The Big Contract
Original entry posted: Wed Oct 12 14:34:41 2011
@ Fri Oct 14 19:46:37 2011 EST
"We did a second pass to clean up the data a little (correcting misspelled or inconsistent company names, for example)."
I'm curious how you did this. Hundreds of intern-hours? Or did you programmatically compare lots of fields to see ones that were near-but-not-identical? How would you go about doing that?
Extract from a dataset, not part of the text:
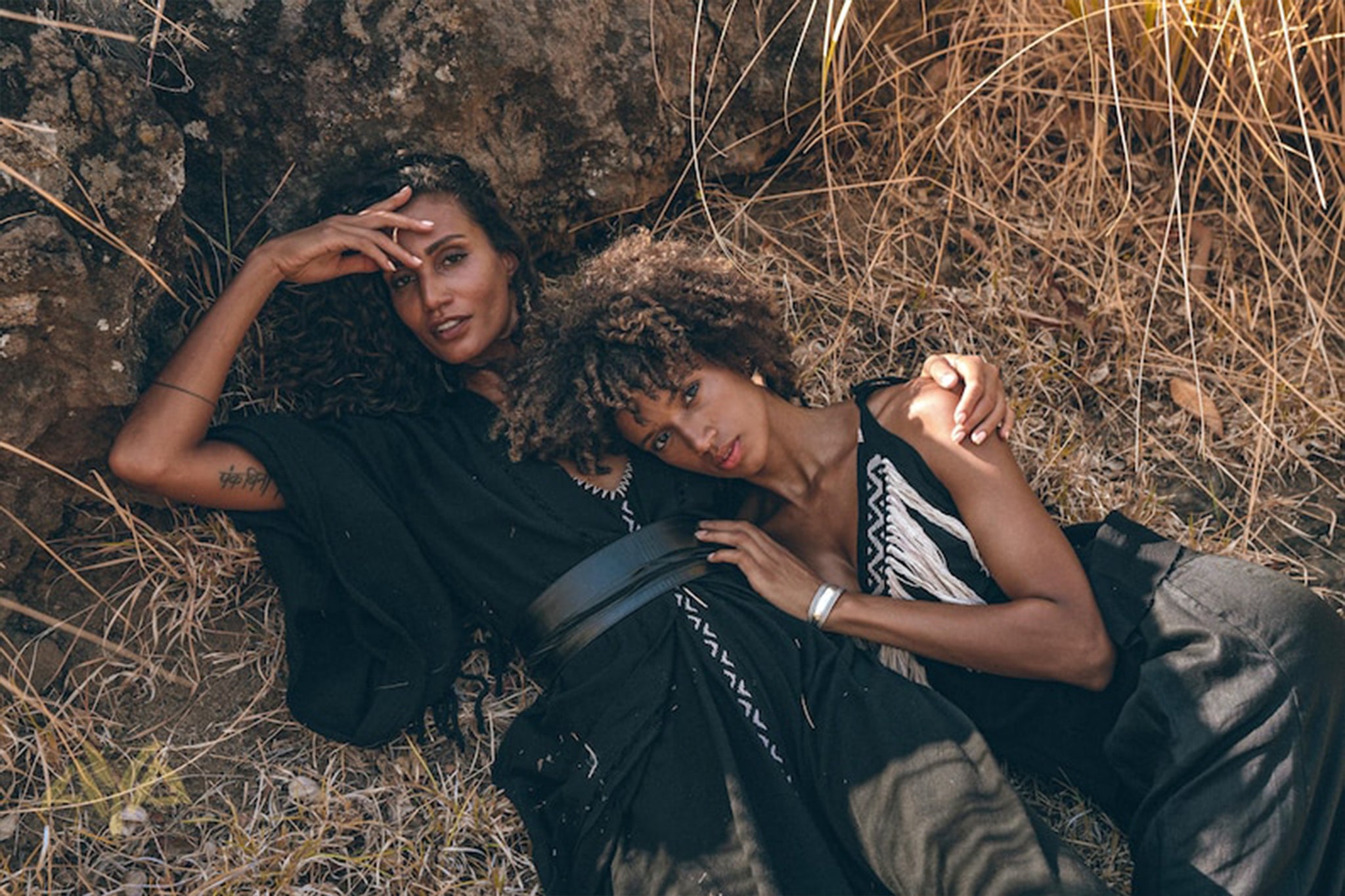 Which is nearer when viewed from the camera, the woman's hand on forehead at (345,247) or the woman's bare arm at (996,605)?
the woman's bare arm at (996,605)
@ Mon Oct 17 21:40:05 2011 EST
we had hundreds of intern-hours. I don't even have
intern to abuse anymore!
Anyway, yeah, that's an incredibly hard problem to solve, obviously. First, there are a lot of places in the database where you just can't be sure if two companies with similar (but possibly common) names are actually the same company or two different companies. You can't rely on the addresses. And then you run into problems like casing and style, which don't match CQ style for company names. You can fix that once or twice, but it gets old if you regenerate the data repeatedly.
In the end, we didn't try to correct everyone. But we did run into cases where, for example, the big contractors might have several names used: Lockheed, Lockheed Martin, Lockheed Martin Corp., that kind of thing. In a couple of states, the defense contractors take in so much money, even their misspellings or inconsistencies would show up twice in the top five. So for those we did go through, searching the database for anything containing a common pattern and writing a series of update queries to normalize them based on what we found.
The end result is that if an extra couple of million went to Mel's Federal Contracting and Discount Hardware Shack under duplicate names, our database didn't address that. It wasn't really relevant to our interactive, though. And maybe that's a great reminder of the scale at which these contracts operate: that kind of money is a total drop in the bucket.